専属魔法薬師としての契約
契約書には私が不利になるような条件はいっさい書かれていない。
それどころか、かなり優遇された契約だった。
王宮への出勤は最低でも月に一度。いつでも連絡が取れる魔法の鏡を支給。薬草茶は金貨一枚で買い取り。魔法薬はクラスによって買い取り価格を決定する。契約の破棄は私の意思でいつでも構わない――などなど。
魔法薬の買い取り価格を提示してもらったが、どの薬局で売るよりも高価だった。
「どうした? 何か不満な点があれば、条件をよりよいものにするが」
「いいえ、条件がよすぎて、戸惑っているだけです」
エルツ様はピンときていないようで、これからの働きによって報酬を上げるとも言っていた。
「その、私の魔法薬を確認せずに、契約を結んでもいいのですか?」
「いや、そなたの魔法薬師としての実力はグレイの話を通して把握している」
「祖父が甘い可能性など、考えなかったのでしょうか?」
「それはないな。グレイは自分にも他人にも厳しかったから、孫娘のかわいさだけで、褒めるような男ではない。実力云々を判断したのは、それだけではないからな」
なんでも他の魔法医から、私の話はかねがね聞いていたようだ。
「イーゼンブルク公爵家のベアトリスに処方箋を送ると、的確で質のよい魔法薬が患者の手に渡ると評判だった。それだけではなく、患者への処方ミスを防ぐ疑義照会に助けられたことも一度や二度ではないと話していた」
疑義照会というのは、魔法医の処方箋に違和感を発見したさいに、これでいいのかと確認するやりとりである。

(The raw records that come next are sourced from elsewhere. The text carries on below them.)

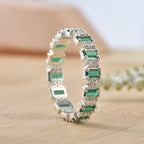 4x2mm Baguette-Cut Emeralds Eternity Band Ring - 925 Sterling Silver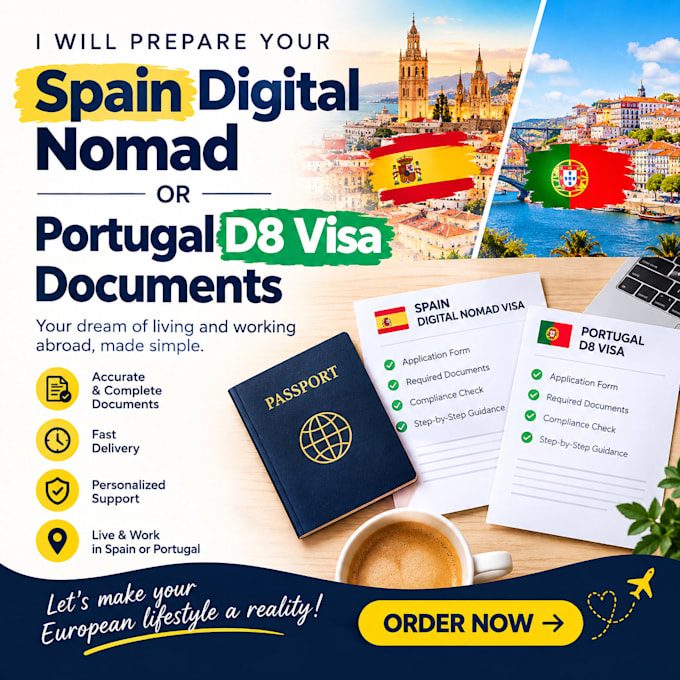 prepare your spain digital nomad or portugal d8 visa documents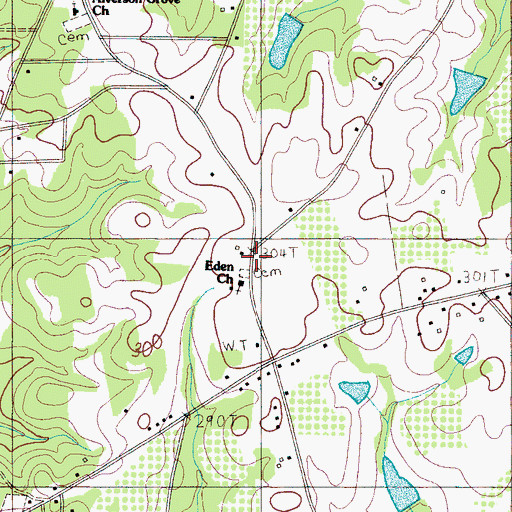 Topographic Map of Eden Church, SC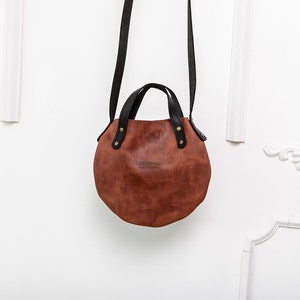 Leather crossbody bag, leather handbag,Women city Bag,Leather Purse for woman,Circle Leather Bag,Small leather handbag,Leather Gift for her image 7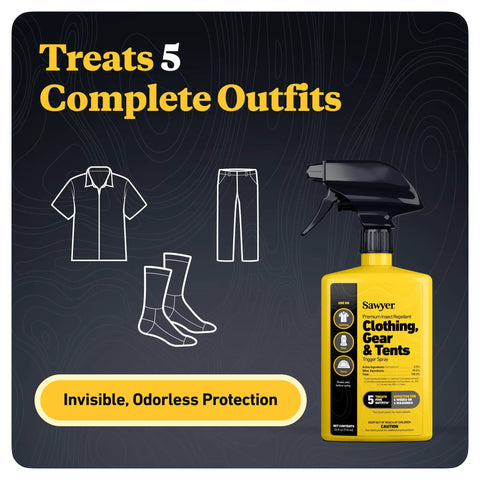 Twin Pack Premium Permethrin Clothing Insect Repellent Trigger Spray 24 Oz Yellow Bonds To Fabric For Up To 6 Weeks Or 6 Washings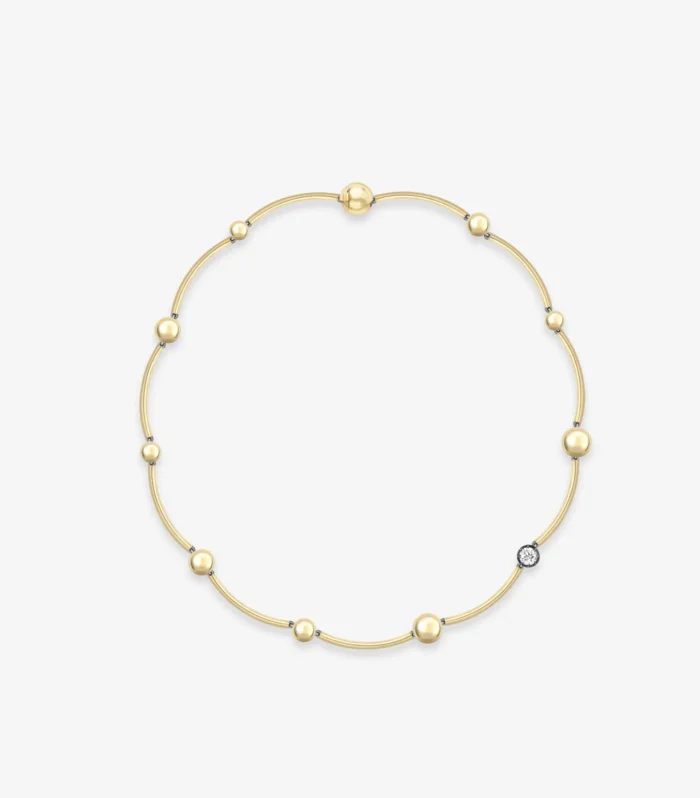 Orbit Yellow Gold & 0.50ct Diamond Sphere Necklace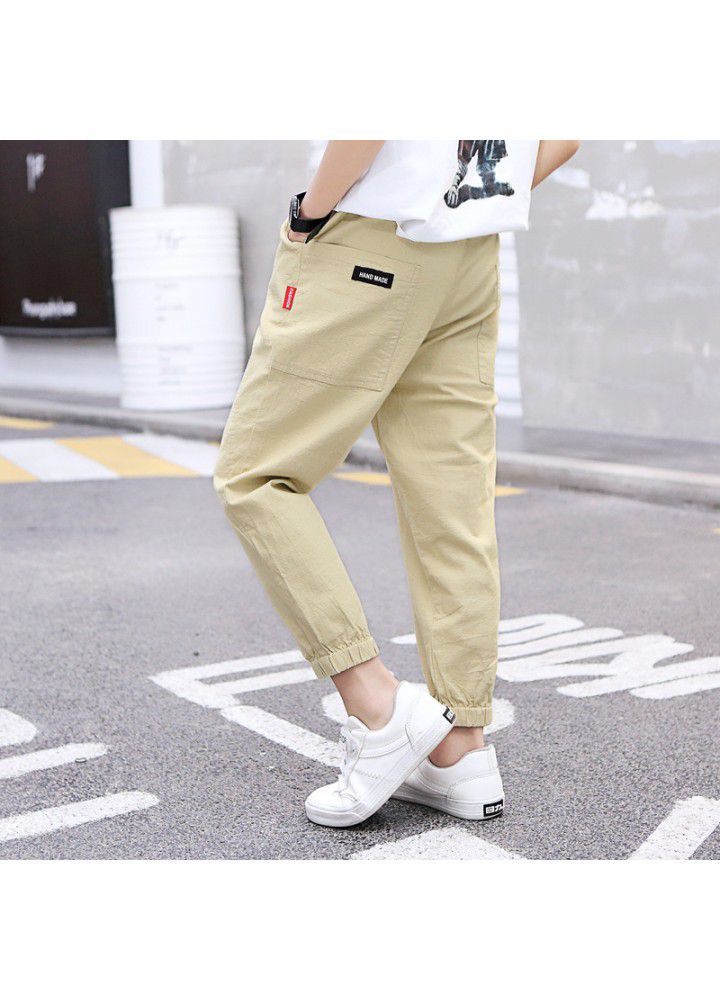 Manufacturer wholesales boy's anti mosquito pants 2021 spring and summer new Imitation cotton and hemp casual pants for children 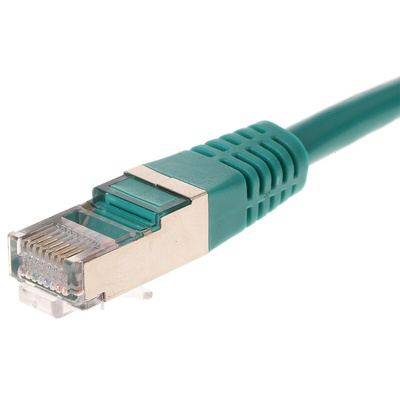 Decelect Cat5 Male RJ45 to Male RJ45 Ethernet Cable, F/UTP, Green PVC Sheath, 5m
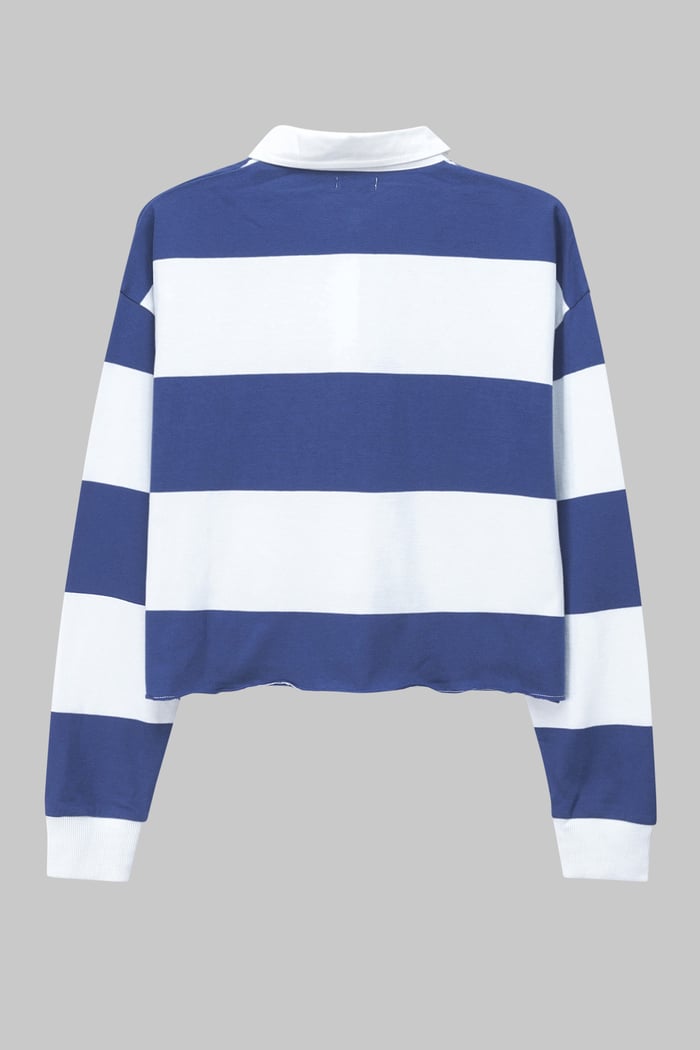 Raw Edge Hem Crop Striped Poloshirt YD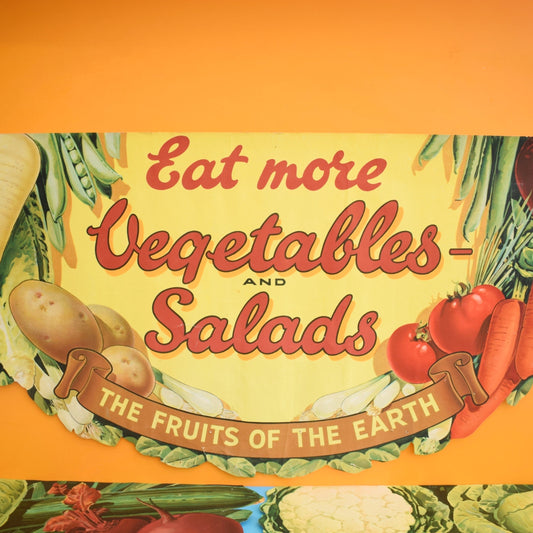 Vintage 1950s Eat More Vegetables & Salads - Shop Posters - Original Not Reproduction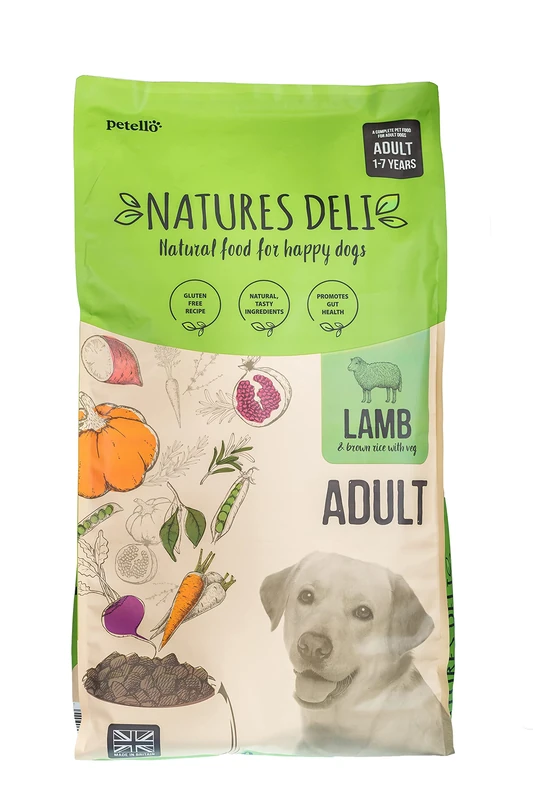 Natures Deli Dry Dog Food for Adult Dogs, Natural Complete Hypoallergenic Food for Dogs, Suitable for All Breeds, Lamb and Rice - 12 kg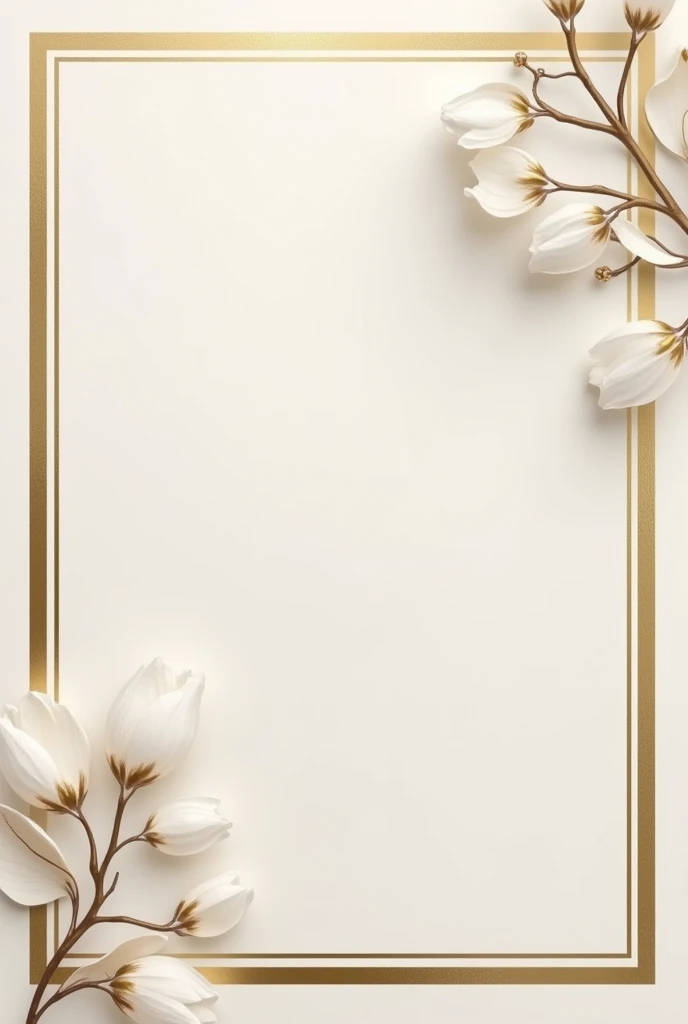 empty and blank wedding card with gold border on an ash background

たいていの魔法医は魔法薬師に魔法薬の処方は合っているのか、と聞かれるのを嫌う。
裏で毛嫌いされているだろうな、と思っていたのでホッとした。
「これだけ言っても心配ならば、そなたが作った魔法薬を確認することもできるが」
「私の、魔法薬」
そう呟いたのと同時に、綿埃妖精がテーブルの上にヒール・ポーションをペッと吐き出した。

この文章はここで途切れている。